== What you will do ==
Restate the whole listing exactly.

== Given material ==

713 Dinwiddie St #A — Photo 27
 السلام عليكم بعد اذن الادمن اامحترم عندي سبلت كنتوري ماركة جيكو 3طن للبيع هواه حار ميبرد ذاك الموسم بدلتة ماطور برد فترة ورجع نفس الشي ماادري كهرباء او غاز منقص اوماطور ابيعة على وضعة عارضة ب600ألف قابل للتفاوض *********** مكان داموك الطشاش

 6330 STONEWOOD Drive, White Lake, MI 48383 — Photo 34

== Result below ==
713 Dinwiddie St #A — Photo 27
 السلام عليكم بعد اذن الادمن اامحترم عندي سبلت كنتوري ماركة جيكو 3طن للبيع هواه حار ميبرد ذاك الموسم بدلتة ماطور برد فترة ورجع نفس الشي ماادري كهرباء او غاز منقص اوماطور ابيعة على وضعة عارضة ب600ألف قابل للتفاوض *********** مكان داموك الطشاش

 6330 STONEWOOD Drive, White Lake, MI 48383 — Photo 34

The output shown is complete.